Exercise description: Beginning with the first line, please return the entries exactly through the line that contains "body language for", and leave out all later lines.

Source data:
= = = =

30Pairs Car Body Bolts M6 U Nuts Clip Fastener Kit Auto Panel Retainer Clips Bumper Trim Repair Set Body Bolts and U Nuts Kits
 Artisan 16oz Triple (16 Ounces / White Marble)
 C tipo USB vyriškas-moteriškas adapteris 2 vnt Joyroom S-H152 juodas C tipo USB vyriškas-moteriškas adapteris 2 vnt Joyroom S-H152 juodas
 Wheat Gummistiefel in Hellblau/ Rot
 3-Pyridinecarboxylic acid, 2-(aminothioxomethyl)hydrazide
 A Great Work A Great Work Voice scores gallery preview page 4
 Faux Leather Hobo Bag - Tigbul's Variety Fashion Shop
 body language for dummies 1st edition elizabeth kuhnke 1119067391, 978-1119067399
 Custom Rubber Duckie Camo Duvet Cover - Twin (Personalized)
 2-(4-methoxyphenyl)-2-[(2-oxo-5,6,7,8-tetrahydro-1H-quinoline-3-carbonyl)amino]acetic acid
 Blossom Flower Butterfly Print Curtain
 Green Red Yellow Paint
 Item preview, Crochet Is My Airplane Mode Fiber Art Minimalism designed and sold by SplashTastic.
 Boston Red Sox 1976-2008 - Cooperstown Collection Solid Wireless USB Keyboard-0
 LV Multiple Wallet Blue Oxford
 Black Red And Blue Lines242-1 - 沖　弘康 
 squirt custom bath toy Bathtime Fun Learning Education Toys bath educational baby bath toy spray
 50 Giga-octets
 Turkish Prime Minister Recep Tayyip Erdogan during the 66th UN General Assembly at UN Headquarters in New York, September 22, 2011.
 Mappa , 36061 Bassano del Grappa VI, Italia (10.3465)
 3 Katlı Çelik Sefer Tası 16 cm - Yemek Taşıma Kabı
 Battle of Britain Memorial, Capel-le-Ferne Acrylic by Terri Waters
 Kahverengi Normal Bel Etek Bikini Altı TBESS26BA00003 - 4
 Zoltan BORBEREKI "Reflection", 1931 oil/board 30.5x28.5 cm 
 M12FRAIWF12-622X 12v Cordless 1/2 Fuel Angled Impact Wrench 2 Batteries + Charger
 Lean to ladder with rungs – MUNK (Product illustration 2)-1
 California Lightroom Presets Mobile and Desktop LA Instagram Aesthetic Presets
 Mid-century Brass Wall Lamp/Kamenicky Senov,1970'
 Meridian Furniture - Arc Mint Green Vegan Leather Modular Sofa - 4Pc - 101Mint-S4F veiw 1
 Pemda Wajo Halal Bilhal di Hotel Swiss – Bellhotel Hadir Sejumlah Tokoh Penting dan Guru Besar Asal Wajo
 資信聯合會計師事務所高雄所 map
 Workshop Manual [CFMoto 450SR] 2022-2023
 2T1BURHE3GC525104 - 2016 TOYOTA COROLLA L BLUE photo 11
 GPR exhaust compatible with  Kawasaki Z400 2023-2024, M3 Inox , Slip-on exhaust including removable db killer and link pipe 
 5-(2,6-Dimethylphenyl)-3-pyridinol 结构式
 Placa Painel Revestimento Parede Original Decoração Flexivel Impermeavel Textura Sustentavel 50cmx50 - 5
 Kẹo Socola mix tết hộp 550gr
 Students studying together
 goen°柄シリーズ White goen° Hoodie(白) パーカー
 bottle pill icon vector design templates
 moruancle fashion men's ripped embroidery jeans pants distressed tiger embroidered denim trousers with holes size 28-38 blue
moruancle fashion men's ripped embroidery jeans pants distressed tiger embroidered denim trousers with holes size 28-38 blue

= = = =

Exercise response:
30Pairs Car Body Bolts M6 U Nuts Clip Fastener Kit Auto Panel Retainer Clips Bumper Trim Repair Set Body Bolts and U Nuts Kits
 Artisan 16oz Triple (16 Ounces / White Marble)
 C tipo USB vyriškas-moteriškas adapteris 2 vnt Joyroom S-H152 juodas C tipo USB vyriškas-moteriškas adapteris 2 vnt Joyroom S-H152 juodas
 Wheat Gummistiefel in Hellblau/ Rot
 3-Pyridinecarboxylic acid, 2-(aminothioxomethyl)hydrazide
 A Great Work A Great Work Voice scores gallery preview page 4
 Faux Leather Hobo Bag - Tigbul's Variety Fashion Shop
 body language for dummies 1st edition elizabeth kuhnke 1119067391, 978-1119067399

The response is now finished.